I am sure this can be done as I have seen a few threads on this hear, but I am looking for any tips that you guys on how best to do this.

For example, where would the best plan to put the A-MAZE-N (I have both an AMNPS and AMNTS.

Cheese placement?

Any other tips?

Thanks in advance,

Koze


----------



## donr (Dec 4, 2015)

I have cold smoked stuff in my gas grill with my AMNPS to great success.  I have a 4 burner (front to back) grill.  I pull a grate off, remove the middle 2 heat deflector things so I can set the AMNPS onto the floor of the grill.  My grill will pull air in from a gap around the floor so the air comes in lower than the AMNPS, which is good.  I put a well seasoned disposable aluminum pan with holes in the bottom on the two exposed burners.  This helps distribute the smoke and not blast the cheese directly over the AMNPS.  Replace the grate to put stuff on it.  I have some vents in the back of the grill that I partially block off with paper towels so the smoke flows around instead of going straight out the center vent.  Your grill is probably different.

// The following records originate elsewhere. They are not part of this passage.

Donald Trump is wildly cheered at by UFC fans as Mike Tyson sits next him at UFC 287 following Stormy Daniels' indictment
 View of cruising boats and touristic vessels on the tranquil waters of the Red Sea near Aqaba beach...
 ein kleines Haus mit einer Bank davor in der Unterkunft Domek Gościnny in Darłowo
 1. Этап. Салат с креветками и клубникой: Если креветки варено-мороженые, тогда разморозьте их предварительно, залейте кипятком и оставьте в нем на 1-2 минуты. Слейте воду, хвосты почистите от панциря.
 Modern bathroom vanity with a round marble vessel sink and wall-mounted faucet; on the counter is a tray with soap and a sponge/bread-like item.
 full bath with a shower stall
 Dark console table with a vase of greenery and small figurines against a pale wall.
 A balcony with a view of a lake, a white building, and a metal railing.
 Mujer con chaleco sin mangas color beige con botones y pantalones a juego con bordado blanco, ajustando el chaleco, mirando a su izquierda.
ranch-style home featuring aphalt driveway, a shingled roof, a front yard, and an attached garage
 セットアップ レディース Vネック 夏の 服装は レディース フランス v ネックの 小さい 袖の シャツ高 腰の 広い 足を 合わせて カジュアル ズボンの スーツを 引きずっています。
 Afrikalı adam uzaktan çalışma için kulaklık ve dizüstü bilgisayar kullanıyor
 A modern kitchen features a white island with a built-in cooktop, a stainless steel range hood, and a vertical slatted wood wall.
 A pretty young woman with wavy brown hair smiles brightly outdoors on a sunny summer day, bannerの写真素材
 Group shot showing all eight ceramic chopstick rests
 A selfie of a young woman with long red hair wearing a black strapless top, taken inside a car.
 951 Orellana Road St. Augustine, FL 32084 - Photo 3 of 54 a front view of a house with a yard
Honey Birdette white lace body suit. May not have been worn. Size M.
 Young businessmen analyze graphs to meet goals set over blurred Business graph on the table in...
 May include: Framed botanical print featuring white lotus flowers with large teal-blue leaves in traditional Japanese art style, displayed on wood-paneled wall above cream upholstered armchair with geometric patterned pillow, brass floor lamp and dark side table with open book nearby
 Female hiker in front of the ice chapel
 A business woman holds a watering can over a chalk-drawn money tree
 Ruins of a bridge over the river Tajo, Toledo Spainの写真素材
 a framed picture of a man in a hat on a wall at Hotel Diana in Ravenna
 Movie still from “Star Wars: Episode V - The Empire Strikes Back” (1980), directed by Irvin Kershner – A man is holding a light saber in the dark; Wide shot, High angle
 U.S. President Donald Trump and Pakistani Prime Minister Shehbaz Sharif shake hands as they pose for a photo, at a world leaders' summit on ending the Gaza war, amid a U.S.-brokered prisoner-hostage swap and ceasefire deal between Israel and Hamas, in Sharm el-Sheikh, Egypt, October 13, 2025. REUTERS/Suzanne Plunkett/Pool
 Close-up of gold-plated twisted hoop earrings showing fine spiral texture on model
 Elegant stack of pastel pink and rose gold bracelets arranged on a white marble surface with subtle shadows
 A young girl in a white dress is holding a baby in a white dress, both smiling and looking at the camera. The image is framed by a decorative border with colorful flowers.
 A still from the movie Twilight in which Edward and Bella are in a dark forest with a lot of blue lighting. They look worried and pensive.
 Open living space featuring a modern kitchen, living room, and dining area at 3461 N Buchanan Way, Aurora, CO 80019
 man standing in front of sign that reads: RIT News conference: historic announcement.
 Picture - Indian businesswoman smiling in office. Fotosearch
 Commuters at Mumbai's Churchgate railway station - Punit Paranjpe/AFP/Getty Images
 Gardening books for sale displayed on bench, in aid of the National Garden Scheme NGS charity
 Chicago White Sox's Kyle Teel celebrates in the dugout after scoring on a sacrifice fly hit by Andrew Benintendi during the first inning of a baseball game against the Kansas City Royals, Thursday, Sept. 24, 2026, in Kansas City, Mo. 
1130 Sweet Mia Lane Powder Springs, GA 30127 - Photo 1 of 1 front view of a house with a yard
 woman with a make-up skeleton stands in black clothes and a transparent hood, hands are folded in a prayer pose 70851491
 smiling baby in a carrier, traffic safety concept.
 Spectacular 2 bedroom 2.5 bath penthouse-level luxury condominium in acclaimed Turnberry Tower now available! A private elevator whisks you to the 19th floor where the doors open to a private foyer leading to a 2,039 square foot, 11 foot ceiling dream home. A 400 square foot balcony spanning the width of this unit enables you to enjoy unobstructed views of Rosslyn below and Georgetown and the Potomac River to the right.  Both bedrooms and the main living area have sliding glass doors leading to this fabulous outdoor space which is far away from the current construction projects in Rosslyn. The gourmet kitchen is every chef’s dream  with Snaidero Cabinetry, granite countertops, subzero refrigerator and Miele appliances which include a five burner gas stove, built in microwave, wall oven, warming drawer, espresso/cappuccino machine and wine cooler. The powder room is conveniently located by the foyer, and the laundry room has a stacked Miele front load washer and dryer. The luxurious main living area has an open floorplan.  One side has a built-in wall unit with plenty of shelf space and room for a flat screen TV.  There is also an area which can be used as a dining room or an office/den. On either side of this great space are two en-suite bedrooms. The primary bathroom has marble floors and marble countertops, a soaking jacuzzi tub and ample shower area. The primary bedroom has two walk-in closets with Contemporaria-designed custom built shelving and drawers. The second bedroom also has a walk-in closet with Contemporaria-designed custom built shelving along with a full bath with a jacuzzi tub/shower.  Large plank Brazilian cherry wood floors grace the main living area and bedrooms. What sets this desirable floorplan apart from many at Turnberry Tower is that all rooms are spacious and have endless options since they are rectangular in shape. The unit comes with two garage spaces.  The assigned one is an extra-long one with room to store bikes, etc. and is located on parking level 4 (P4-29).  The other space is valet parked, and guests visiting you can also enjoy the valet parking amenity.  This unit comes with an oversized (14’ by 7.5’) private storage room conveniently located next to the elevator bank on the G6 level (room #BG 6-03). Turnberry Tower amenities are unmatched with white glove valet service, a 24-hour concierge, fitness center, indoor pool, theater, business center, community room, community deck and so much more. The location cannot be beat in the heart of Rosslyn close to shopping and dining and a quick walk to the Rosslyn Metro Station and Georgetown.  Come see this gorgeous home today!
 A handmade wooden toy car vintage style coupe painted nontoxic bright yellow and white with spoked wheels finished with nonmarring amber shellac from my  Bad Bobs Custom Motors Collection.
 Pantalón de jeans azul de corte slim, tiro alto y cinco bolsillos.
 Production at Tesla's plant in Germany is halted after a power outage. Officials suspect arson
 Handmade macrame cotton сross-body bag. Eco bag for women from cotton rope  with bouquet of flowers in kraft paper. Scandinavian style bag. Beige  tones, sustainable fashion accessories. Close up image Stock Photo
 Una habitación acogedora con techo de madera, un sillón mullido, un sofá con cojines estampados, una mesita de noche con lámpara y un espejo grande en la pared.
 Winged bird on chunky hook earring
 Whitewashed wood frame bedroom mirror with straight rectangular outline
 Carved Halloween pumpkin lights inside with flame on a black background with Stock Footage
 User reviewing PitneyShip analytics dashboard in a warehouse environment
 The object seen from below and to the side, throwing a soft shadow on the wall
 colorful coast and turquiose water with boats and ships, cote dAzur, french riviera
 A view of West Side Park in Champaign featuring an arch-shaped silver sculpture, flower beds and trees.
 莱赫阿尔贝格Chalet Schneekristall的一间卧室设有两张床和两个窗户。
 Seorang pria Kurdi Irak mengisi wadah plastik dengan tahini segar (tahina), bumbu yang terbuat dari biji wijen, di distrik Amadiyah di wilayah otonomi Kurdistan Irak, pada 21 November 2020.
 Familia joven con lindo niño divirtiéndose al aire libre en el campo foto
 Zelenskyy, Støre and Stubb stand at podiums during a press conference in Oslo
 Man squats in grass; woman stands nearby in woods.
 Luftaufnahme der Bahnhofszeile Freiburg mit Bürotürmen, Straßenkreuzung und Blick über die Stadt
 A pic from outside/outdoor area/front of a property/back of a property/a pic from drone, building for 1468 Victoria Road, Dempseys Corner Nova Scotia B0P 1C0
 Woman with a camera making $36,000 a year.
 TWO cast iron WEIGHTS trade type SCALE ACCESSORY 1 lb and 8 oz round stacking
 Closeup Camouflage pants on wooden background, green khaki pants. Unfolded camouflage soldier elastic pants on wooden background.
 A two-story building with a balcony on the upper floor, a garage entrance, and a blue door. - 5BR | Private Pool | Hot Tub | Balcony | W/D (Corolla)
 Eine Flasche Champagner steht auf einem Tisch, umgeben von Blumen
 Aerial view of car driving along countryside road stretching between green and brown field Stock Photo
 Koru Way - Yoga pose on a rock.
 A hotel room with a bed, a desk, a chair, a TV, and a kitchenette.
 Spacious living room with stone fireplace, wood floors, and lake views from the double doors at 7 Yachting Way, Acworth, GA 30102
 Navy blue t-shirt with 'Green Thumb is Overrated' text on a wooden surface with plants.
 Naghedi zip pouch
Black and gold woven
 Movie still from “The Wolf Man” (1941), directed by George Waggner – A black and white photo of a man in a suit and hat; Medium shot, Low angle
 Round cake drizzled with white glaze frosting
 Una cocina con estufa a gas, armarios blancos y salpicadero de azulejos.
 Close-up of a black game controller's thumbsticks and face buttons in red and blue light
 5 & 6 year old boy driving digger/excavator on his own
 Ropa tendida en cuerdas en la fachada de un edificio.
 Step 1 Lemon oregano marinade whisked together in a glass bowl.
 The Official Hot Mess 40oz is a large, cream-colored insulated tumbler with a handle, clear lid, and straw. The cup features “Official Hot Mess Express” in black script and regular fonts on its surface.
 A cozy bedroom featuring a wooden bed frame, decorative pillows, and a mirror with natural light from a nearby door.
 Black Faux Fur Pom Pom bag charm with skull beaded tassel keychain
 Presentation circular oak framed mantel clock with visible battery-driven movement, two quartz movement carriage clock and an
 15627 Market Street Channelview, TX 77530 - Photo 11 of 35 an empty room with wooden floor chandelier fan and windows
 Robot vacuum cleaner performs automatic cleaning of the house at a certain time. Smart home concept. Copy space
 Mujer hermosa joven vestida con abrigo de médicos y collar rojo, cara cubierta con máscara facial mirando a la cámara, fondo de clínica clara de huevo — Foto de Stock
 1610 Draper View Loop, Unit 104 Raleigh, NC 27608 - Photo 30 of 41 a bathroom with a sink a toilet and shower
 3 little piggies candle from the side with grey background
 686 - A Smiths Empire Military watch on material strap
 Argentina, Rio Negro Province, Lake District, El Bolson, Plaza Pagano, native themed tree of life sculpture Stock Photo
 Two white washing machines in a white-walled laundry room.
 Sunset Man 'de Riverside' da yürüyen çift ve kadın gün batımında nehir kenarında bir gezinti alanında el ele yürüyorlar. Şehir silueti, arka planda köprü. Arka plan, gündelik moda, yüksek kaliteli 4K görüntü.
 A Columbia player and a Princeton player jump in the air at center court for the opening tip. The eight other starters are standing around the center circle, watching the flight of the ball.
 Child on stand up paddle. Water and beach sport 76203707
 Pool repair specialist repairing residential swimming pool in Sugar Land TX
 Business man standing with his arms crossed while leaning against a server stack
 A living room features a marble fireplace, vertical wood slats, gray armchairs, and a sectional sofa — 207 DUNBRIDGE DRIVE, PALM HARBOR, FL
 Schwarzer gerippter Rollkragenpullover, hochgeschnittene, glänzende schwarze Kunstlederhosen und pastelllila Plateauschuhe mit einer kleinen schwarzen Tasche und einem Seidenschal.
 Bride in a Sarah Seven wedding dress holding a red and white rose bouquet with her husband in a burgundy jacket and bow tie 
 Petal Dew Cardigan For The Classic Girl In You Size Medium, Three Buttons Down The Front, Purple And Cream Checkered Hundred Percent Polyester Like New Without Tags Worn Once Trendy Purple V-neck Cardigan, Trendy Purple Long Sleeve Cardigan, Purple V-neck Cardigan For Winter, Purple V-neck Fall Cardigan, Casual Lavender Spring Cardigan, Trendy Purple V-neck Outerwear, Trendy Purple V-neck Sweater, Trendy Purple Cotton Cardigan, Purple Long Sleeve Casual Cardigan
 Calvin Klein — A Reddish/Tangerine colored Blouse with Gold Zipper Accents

People have also used cardboard boxes with make shift racks for cold smokers as well.  I've thought about making a plywood box with a bunch of shelf holders for the job.

Don


----------



## cmayna (Dec 4, 2015)

Between the AMNPS vs AMNTS,  I would also use the AMNPS for to me it generates a smaller and cooler glow.  Yes, separate the smoke generator from the cheese as far as you can to help keep the temp down.  And yes a tall cardboard box with shelves in it works pretty good.  I use my vertical propane smoker for all my cold smoking needs, with the propane not turned on.  The AMNPS is down under the propane burner and the cheese or butter are typically located on the upper racks.

Have fun.


----------